Desde entonces hasta ahora, ser el rostro más visible de la izquierda abertzale le ha llevado a ser una de las personas que más rechazo genera a la sociedad española. Suya ha sido la cara que, en tiempos, defendió o justificó un mundo en el que no había más líderes visibles. ETA, como organización delictiva y clandestina, no ha tenido más caras que las de los carteles de las fuerzas de seguridad y los pasamontañas de los comunicados, pero la izquierda abertzale, su expresión política, sí: cualquier ciudadano podría cruzarse con el asesino de cinco personas sin saber quién era, pero reconocería al instante a Otegi al verlo a lo lejos.
Así, a través del relato construido a su alrededor, muchos han definido a Otegi como a un terrorista, asociándole inclusodelitos de sangre. La realidad, sin embargo, es otra: tras aquella condena por participar en un secuestro, el resto de sus periplos judiciales han sido por lo que ha dicho -ya sea alabando a algún etarra o atacando al Estado- y por lo que ha hecho -participando en movimientos políticos que habían sido declarados ilegales-. Se le puede achacar que no haya sido firme contra la violencia de ETA, como evidenció esta entrevista de Jordi Évole, pero no delitos de sangre.
A un lado está el hombre, sus ideas y sus actos, y al otro la realidad que se le ha edificado alrededor. A ese relato del rechazo de la sociedad le complementa otro: el de quienes le han erigido como un mártir del sistema que le ha mantenido los seis últimos años en la cárcel por haber trabajado por constituir un partido con sus bases ilegalizadas. Es el mismo partido que fue declarado legal cinco años atrás y que entró en las instituciones mientras él seguía en la cárcel.
Ya en prisión, en el año 2012, publicó ‘El tiempo de las luces’, una extensa entrevista en la que insistía en lo hecho y despejaba dudas: el siguiente paso, decía, era el desarme de ETA. Voces de todo el mundo pidieron entonces su liberación, incluyendo premios Nobel -como Adolfo Pérez Esquivel o Desmond Tutu-, víctimas del terrorismo -como Eduardo Madina- o el propio juez que le encarceló -Baltasar Garzón-.
Todo eso sirvió para cohesionar a la izquierda abertzale, especialmente después del ‘bajón’ de sus últimos resultados electorales, y reforzar su discurso.

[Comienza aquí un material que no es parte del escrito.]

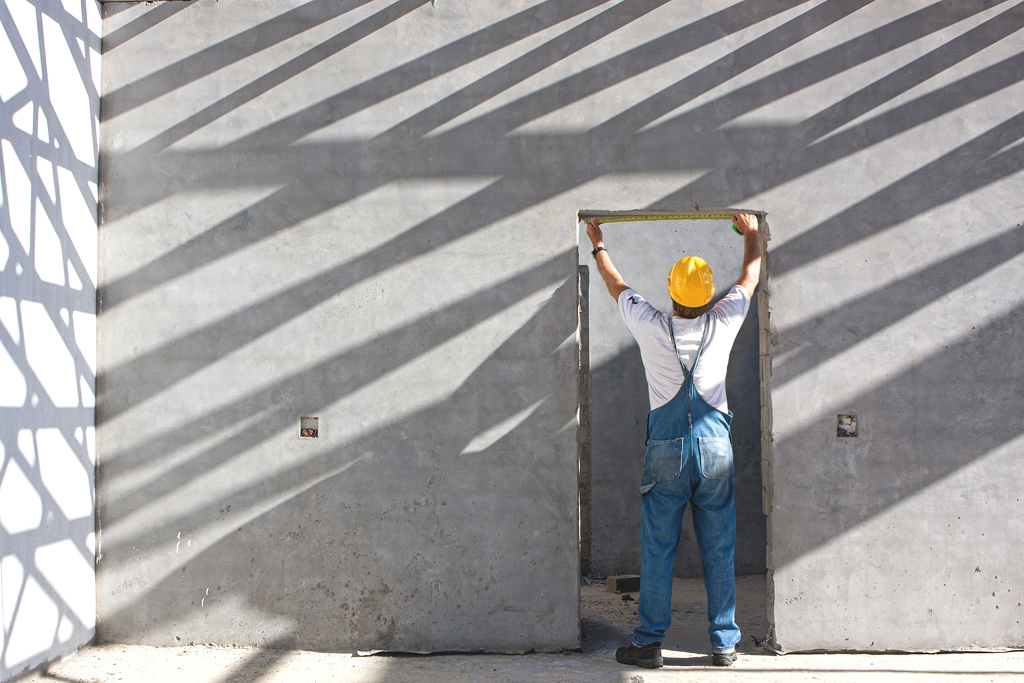 Construction worker wearing a hard hat, measuring the top of a door frame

Si había alguna fisura en torno al apoyo a Otegi el cese de la violencia de ETA y la cárcel la han terminado de disipar: él es el líder, el aliado que el Estado necesita para que el proceso que inició no tenga vuelta atrás, por más que algunos sigan viendo en él más sombras que luces.
La serendipia política le puso en primera línea, el tiempo le hizo matizar su discurso y la cárcel le acabó de convertir en un líder carismático para los suyos. Pese a quien pese, todos los caminos para terminar de eliminar la violencia de la ecuación pasan por él.